Uma alma mais ingénua ainda poderia pensar que Mota Soares estaria revoltado com o facto de haver famílias que sobrevivem com apenas 950 euros, mas parece que, segundo o ministro, isso é dinheiro a mais, constituindo, até, um “risco moral” porque pode levar os beneficiários a não procurar emprego. Aliás, não seria de espantar que alguém atribuísse o aumento do desemprego à falta de vontade de trabalhar, o que quereria dizer que os preguiçosos se multiplicaram desde que Passos Coelho chegou ao governo.

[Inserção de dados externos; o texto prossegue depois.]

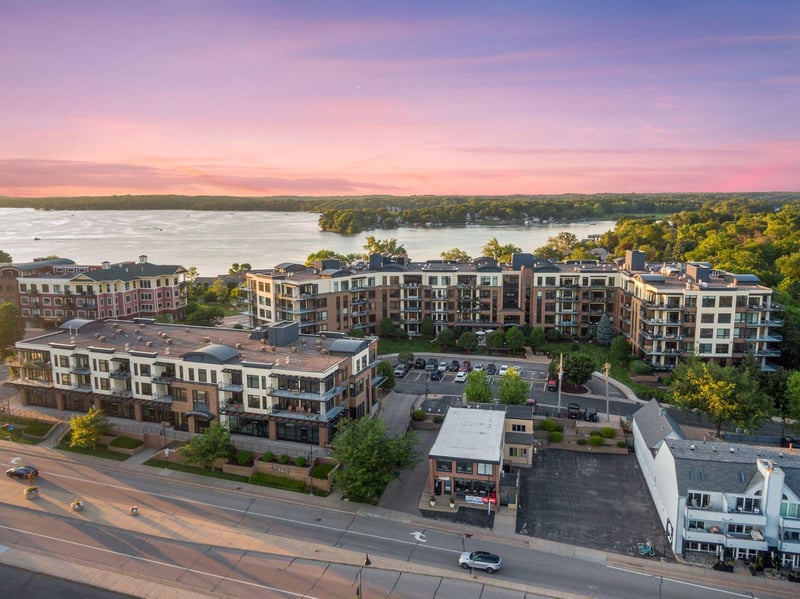 4100 Shoreline Dr #S302, Spring Park, MN 55384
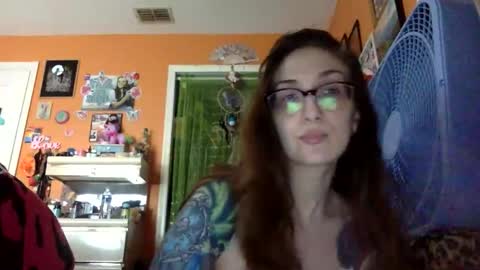 hi guys im back on here 3 online show from February 18, 7:43 pm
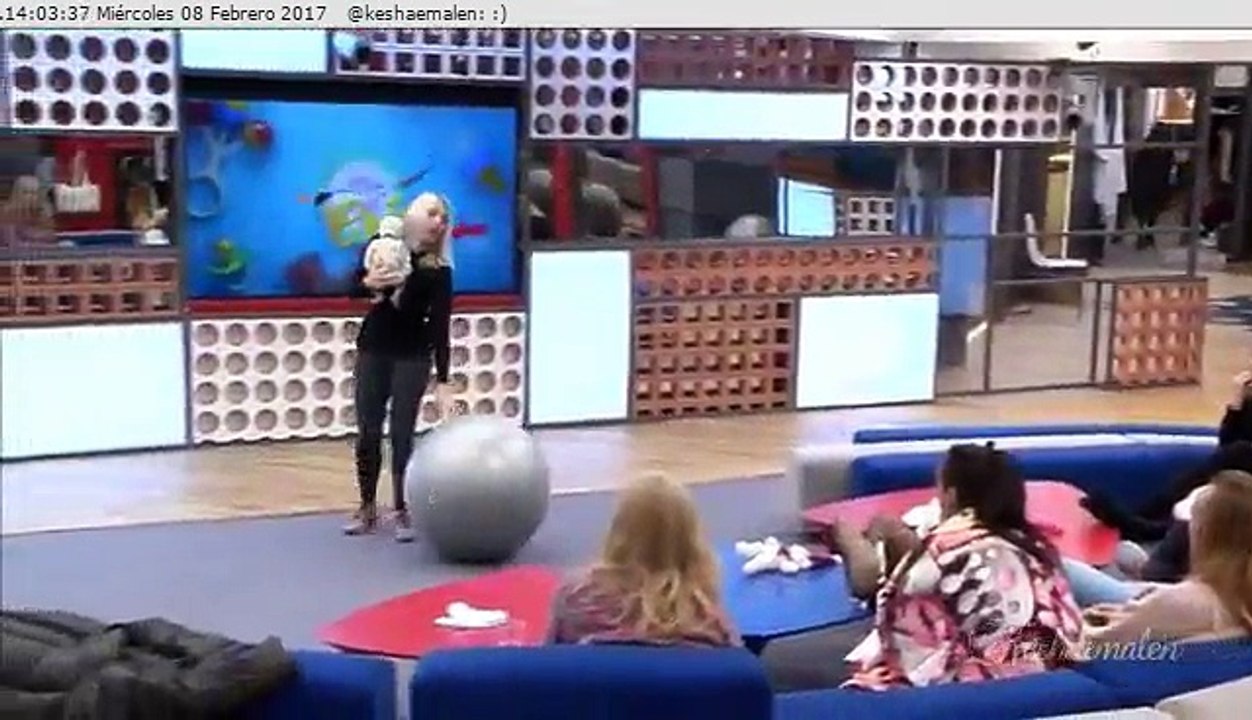 #GHVip5 Discusión entre Aida y Daniela por la limpieza de la casa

Como ministro competente, bom democrata e melhor cristão, Mota Soares deveria anunciar ao país o número de famílias que está a ser beneficiado com os ditos 950 euros.

O jornal Público fez a pergunta, mas, até hoje, não obteve resposta. O mesmo jornal, entretanto, soube que, entre 394 famílias que recebem Rendimento Social de Inserção (RSI) e que são acompanhadas pelas equipas da Santa Casa da Misericórdia de Almada, apenas oito têm “um acumulado de apoios superior a 700 euros, 2% do total de famílias beneficiadas”.  Acresce a tudo isso o facto de serem famílias numerosas, “a maioria com várias crianças”.

Embora aconselhe a leitura integral da reportagem, não resisto a mais uma citação. Isabel Baptista, investigadora do Centro de Estudos para a Intervenção Social, declarou à jornalista Andreia Sanches o seguinte: “Estamos a falar de que famílias? Quantas pessoas? Quantas crianças? Era bom que quando os nossos governantes referem estes números dissessem do que estão a falar, caso contrário a imagem que passa é a de que há uns malandros do RSI a receber 950 euros por mês (imaginam logo uma ou duas pessoas) e não fazem nada. (…) Basta olhar para os dados da Segurança Social para ver o que de facto poderá acontecer: só famílias com várias pessoas e várias crianças poderão acumular esse tipo de valores.”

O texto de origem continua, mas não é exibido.